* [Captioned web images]
•••••
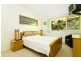 6 Algona Street, Bilgola Plateau NSW 2107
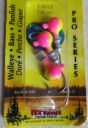 Filename=attachID_14110_postID_131715_gam_jig.jpg
Filesize=167KiB
Dimensions=796x1151
Date added=Dec 02, 2016 attachID_14110_postID_131715_gam_jig.jpg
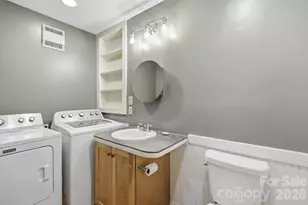 86 Annandale Ave, Asheville, NC 28801 - Photo 33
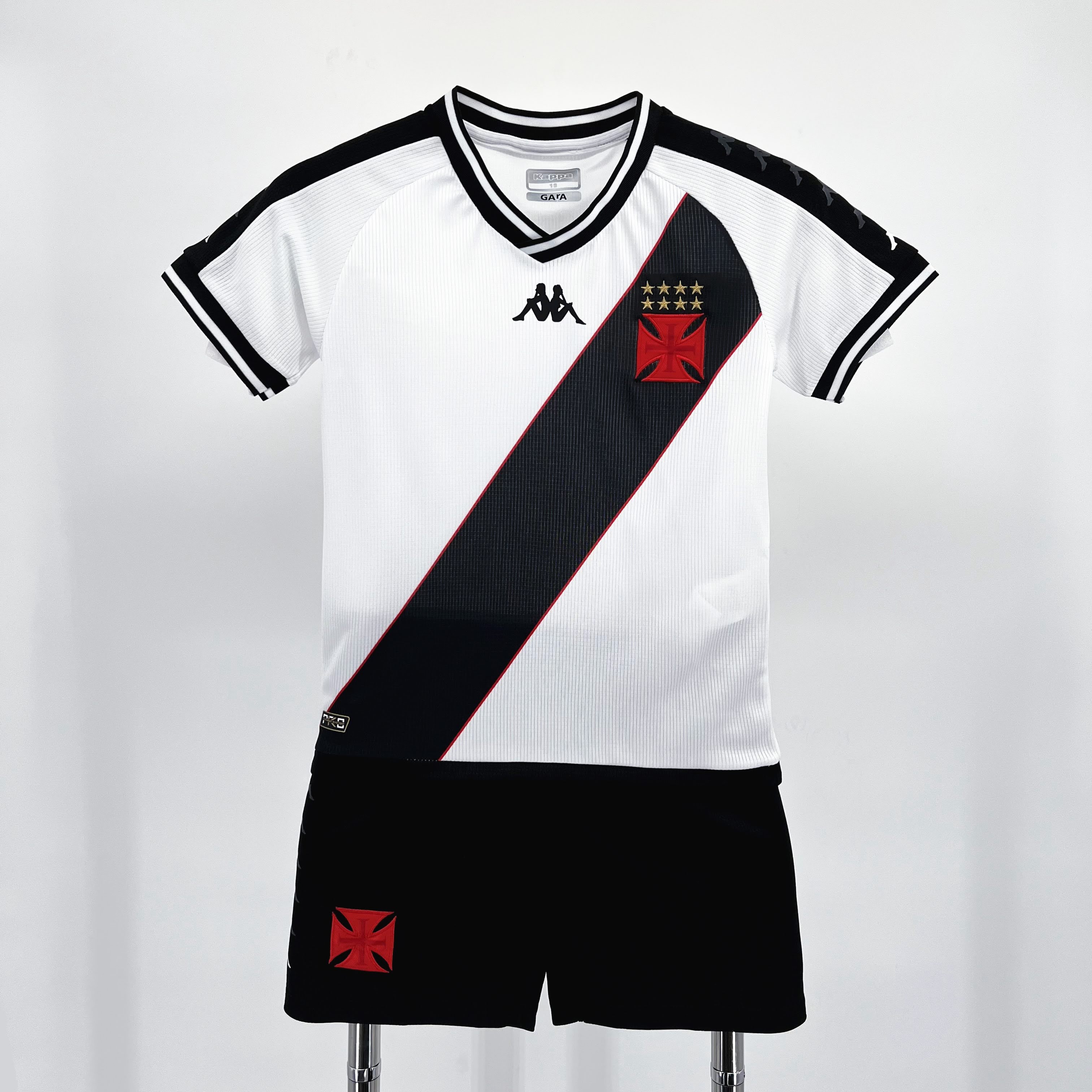 Kit Inf. Vasco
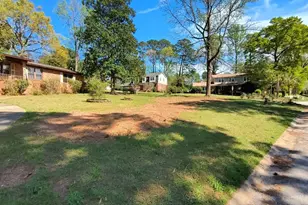 3019 Pine Shadow Trail, Columbia, SC 29210 - Photo 5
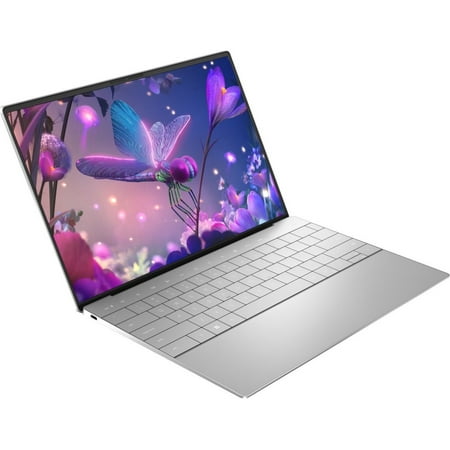 Dell XPS 13.4" Touchscreen Laptop, Intel Core i7 i7-1260P, 1TB SSD, Windows 11 Home, 9320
•••••
* [Work required]
What you return must match, character for character, the lines above from the one with "Filesize=167KiB" through the one with "3019 Pine Shadow", minus any pictures.

* [Response to the exercise]
Filesize=167KiB
Dimensions=796x1151
Date added=Dec 02, 2016 attachID_14110_postID_131715_gam_jig.jpg
 86 Annandale Ave, Asheville, NC 28801 - Photo 33
 Kit Inf. Vasco
 3019 Pine Shadow Trail, Columbia, SC 29210 - Photo 5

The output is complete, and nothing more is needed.